## Assigned task
Set the records down again in full, exactly as they are, apart from the images.
○ ○ ○ ○ ○
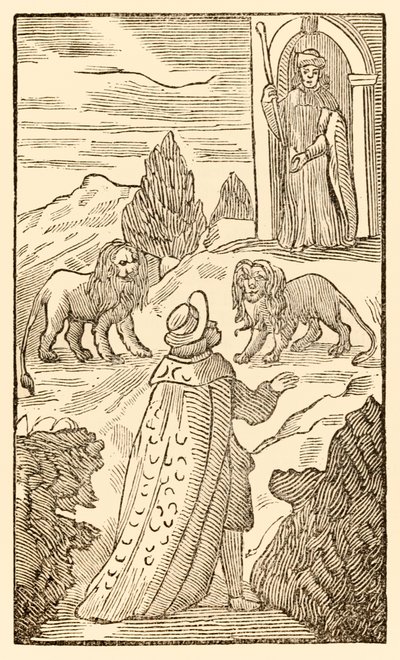 La difficulté est derrière, la peur est devant de The Pilgrims Progress From This World, To That Which Is To Come par John Bunyan (1628-1688) Le chrétien passe entre les lions tandis que le portier vigilant observe - Unknown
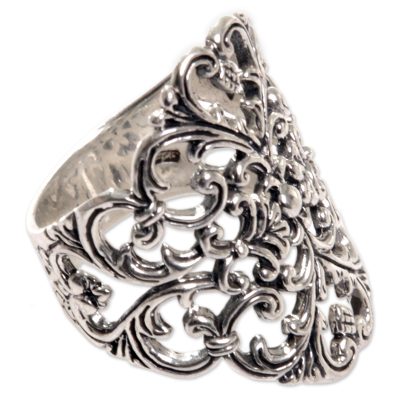 Sterling Silver Heart and Flower Ring Hand Crafted Indonesia
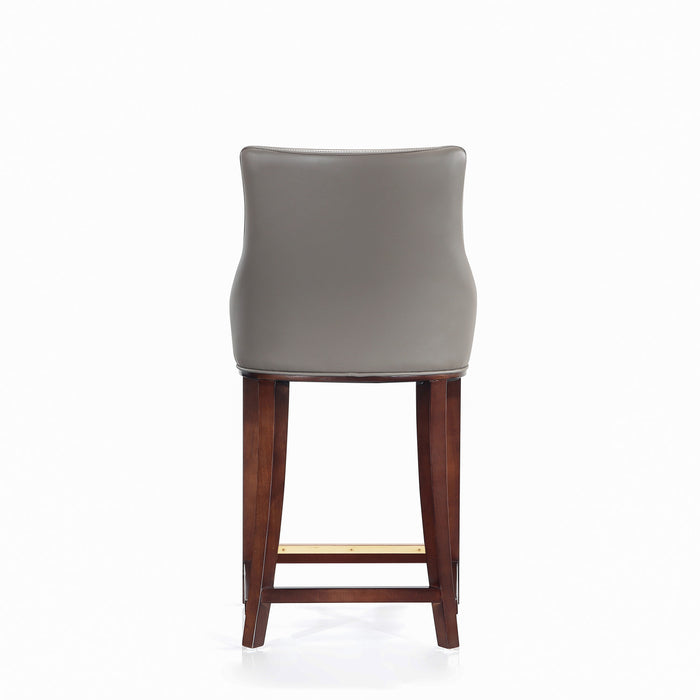 Shubert Modern Wood Upholstered Counter Stool in Dark Taupe - Set of 3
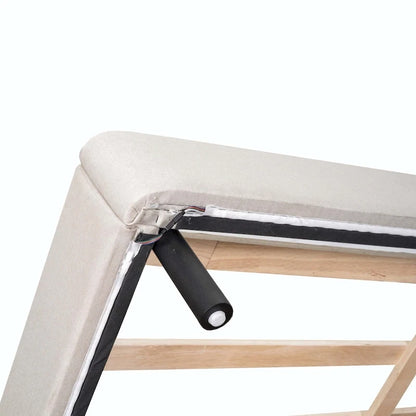 Lit plateforme rembourré avec lumières LED et tête de lit en forme de U
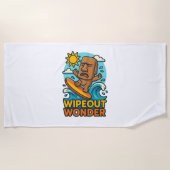 Wipeout Moai Chibi Surf mislukt Strandlaken (Voorkant)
○ ○ ○ ○ ○
## Answer for this exercise
 La difficulté est derrière, la peur est devant de The Pilgrims Progress From This World, To That Which Is To Come par John Bunyan (1628-1688) Le chrétien passe entre les lions tandis que le portier vigilant observe - Unknown
 Sterling Silver Heart and Flower Ring Hand Crafted Indonesia
 Shubert Modern Wood Upholstered Counter Stool in Dark Taupe - Set of 3
 Lit plateforme rembourré avec lumières LED et tête de lit en forme de U
 Wipeout Moai Chibi Surf mislukt Strandlaken (Voorkant)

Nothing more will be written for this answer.